When I was 18 and my sister Joyce 14 our parents allowed us to go walking in the Peak District. They trusted us because we had been well brought up. In those days there were no paths to the top of Kinder Scout. We used an OS map to find our way about. The local farmers were friendly because we were country girls and knew how to shut gates behind us.

I trained as a nurse during the First World War at Leeds General Hospital.

We were called at 6 a.m., had breakfast at 6.30 and were on duty by 7 a.m.

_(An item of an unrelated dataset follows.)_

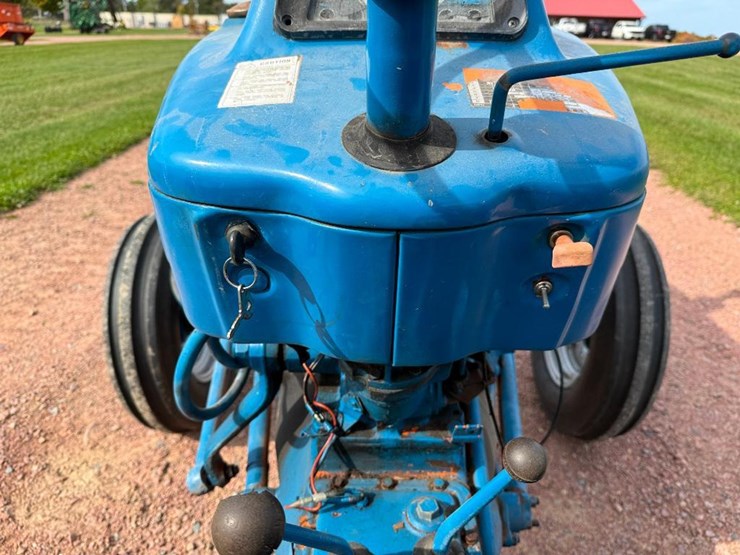 ford-3600-image-25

We worked until 9pm with two hours off duty during the day in addition to mealtimes. We were supposed to have one day off each month but because we were short staffed we had to save up our days off and take three days off at the end of each three months that gave me time to go home to Cheshire.

My brother Jeffrey was killed during WW1

When I was doing a stint at a convalescent there was no resident doctor. I developed what they thought was tonsillitis but my illness turned out to be diphtheria. It took me six months in physiotherapy n before I was fit enough to carry on my training.

After training I joined the Volunteer Nurses Service.

After WW1 for sixteen years I was a matron at the Leicester General Hospital. During my time there I started the League for Nurses.

When WW2 started our 400 beds were extended to 600. The most seriously wounded soldiers transferred to us from the Casualty Nursing Service. I thought I was doing my bit for the war at the General but nevertheless I was called up and sent to run a hospital in Scotland. The nurses there were all regular army nurses and very suspicious of a conscripted civilian

I was then sent to India with the Scottish Regular army nurses to run a mobile hospital. I was the senior woman officer in India. Now I am the oldest person to hold the Burma Star. The Burma Star North Devon Branch and the Cheltenham Branch have been very good to me.

When we first came to Faithfull House we had to live independently and cook our own meals. It was a great joy to come to Cheltenham for all the musical events we could enjoy. I was a member of the Festival Society

Nowadays we do not go out so much

My sister and I never married. When we are dead the senior branch of our family will have died out.

It is not a great achievement living so long when all your friends have died.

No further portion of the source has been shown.